▶ DIRECTIONS: Exact copies of the lines from the one with "Мужской золотой перстень" through the last line of the entries, and no pictures, make up the answer.

──────── DATA TO PROCESS ────────

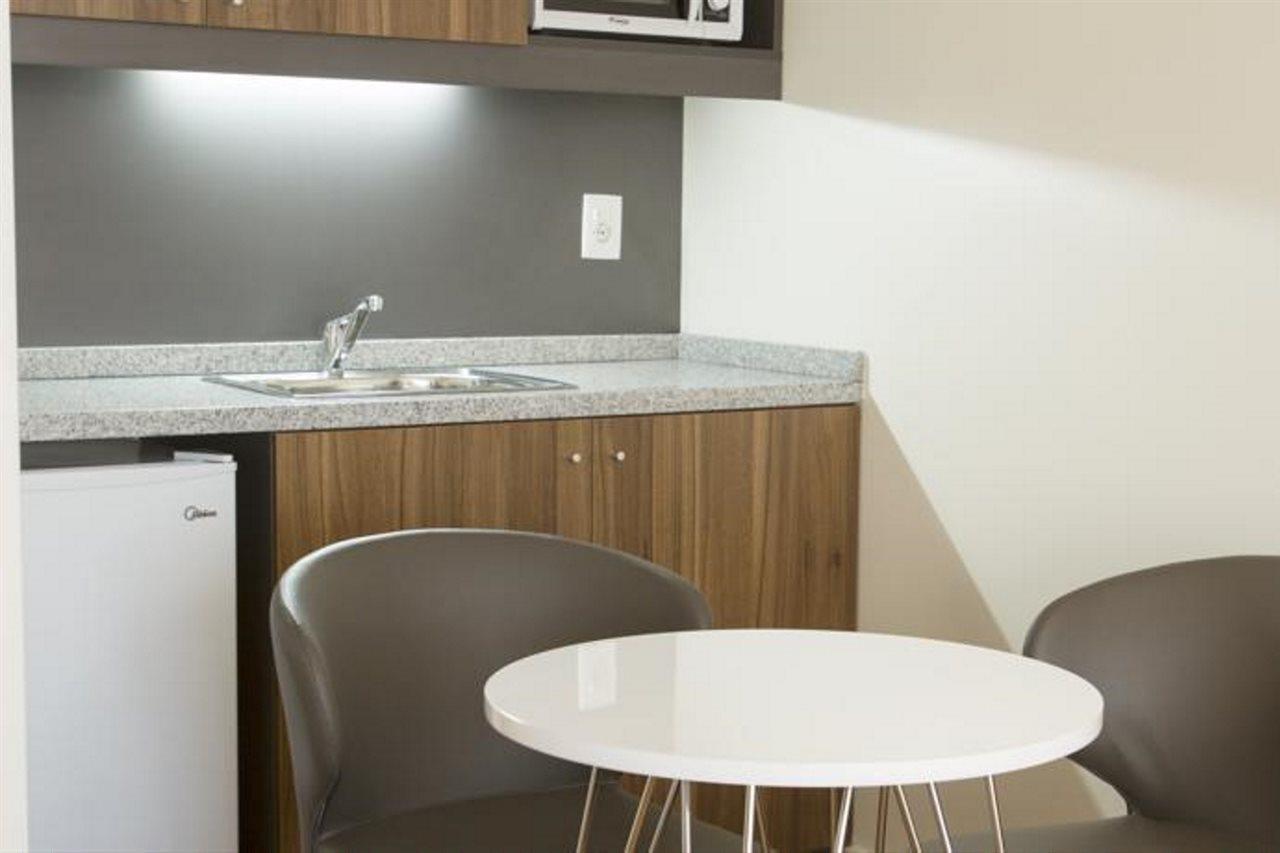 Regency Way Montevideo Hotel ภายนอก รูปภาพ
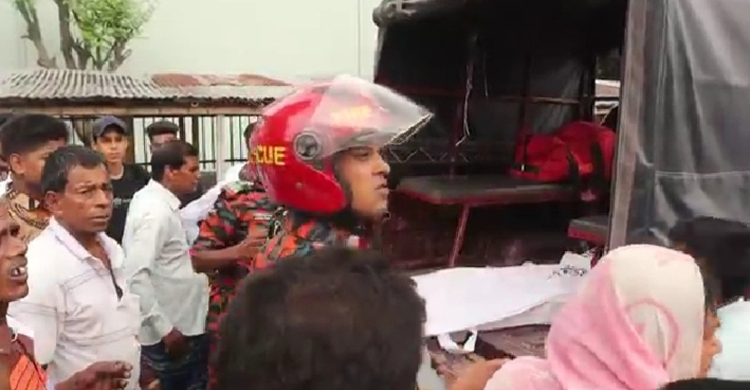 মেহেরপুরে মোটরসাইকেল নিয়ে ঘুরতে বেরিয়ে প্রাণ হারালো দুই কিশোর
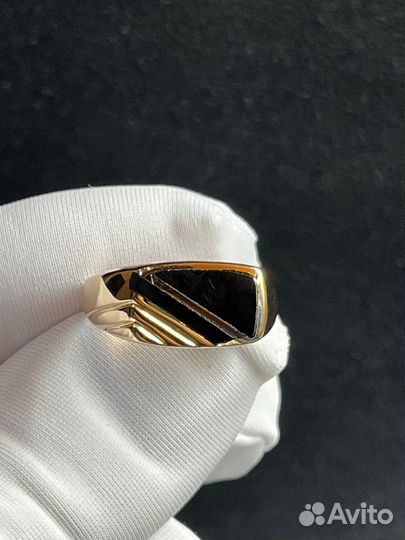 Мужской золотой перстень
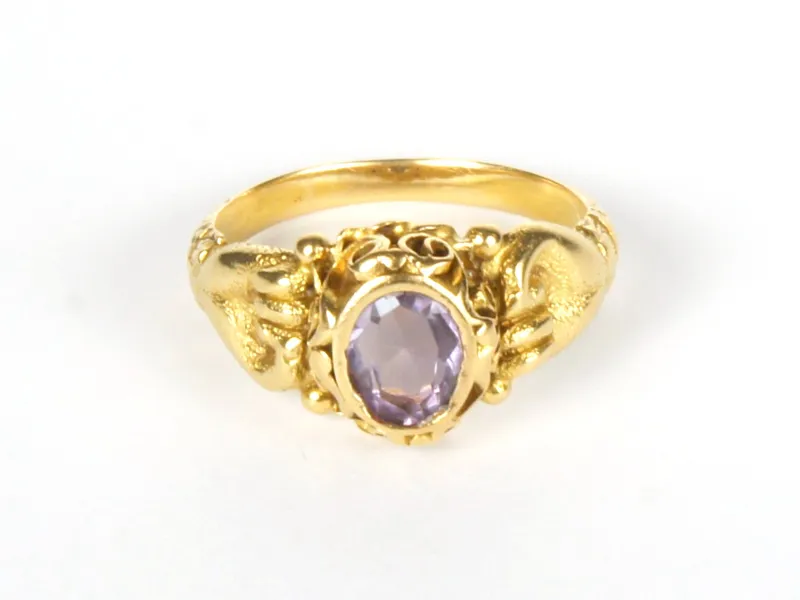Fede-Ring, Gold mit Amethyst, schräge Ansicht von vorne
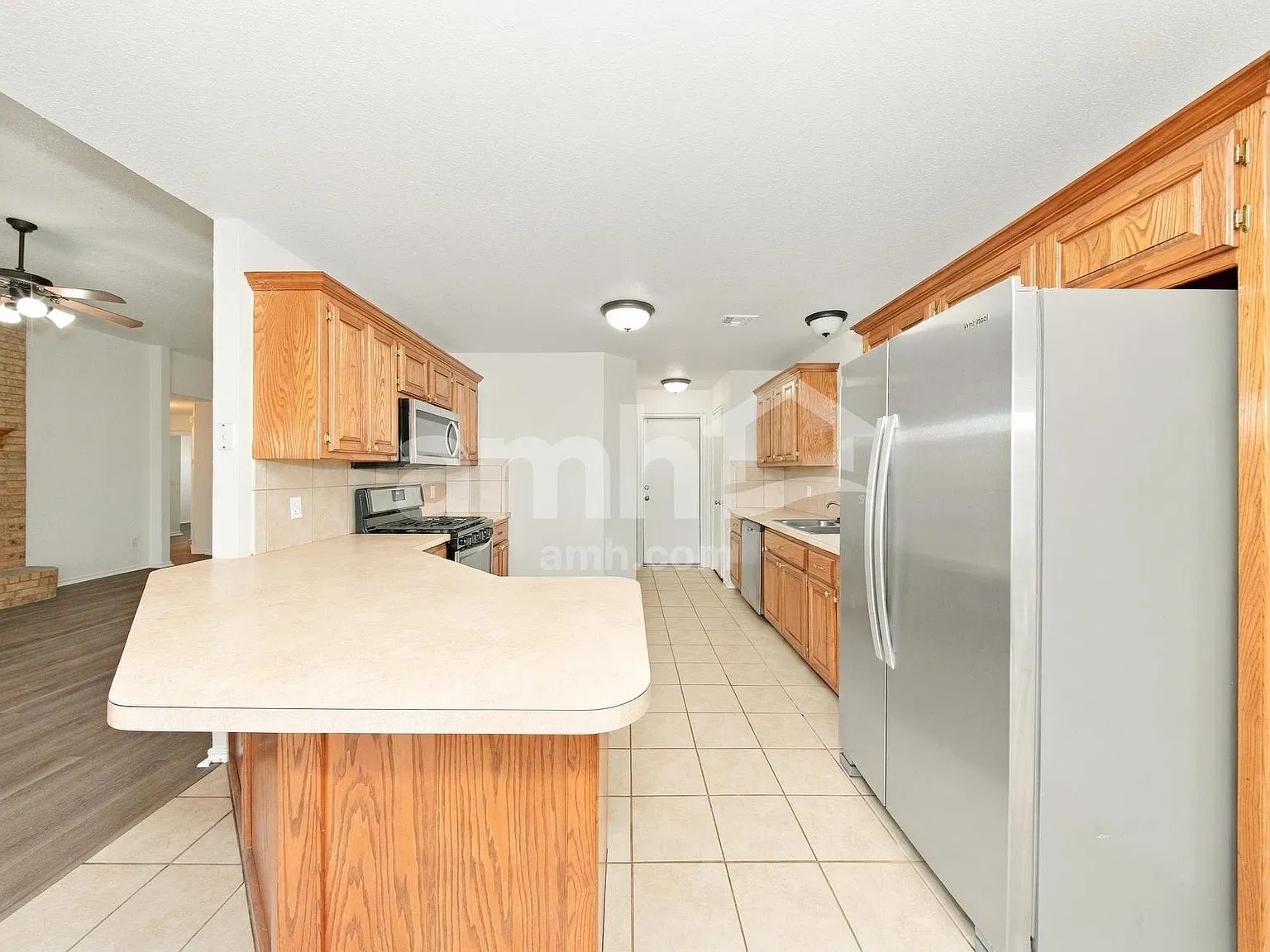 4 bed, 2.0 bath, 1860 sqft, $1,935 — Photo 4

────────

▶ TASK SOLUTION:
 Мужской золотой перстень
Fede-Ring, Gold mit Amethyst, schräge Ansicht von vorne
 4 bed, 2.0 bath, 1860 sqft, $1,935 — Photo 4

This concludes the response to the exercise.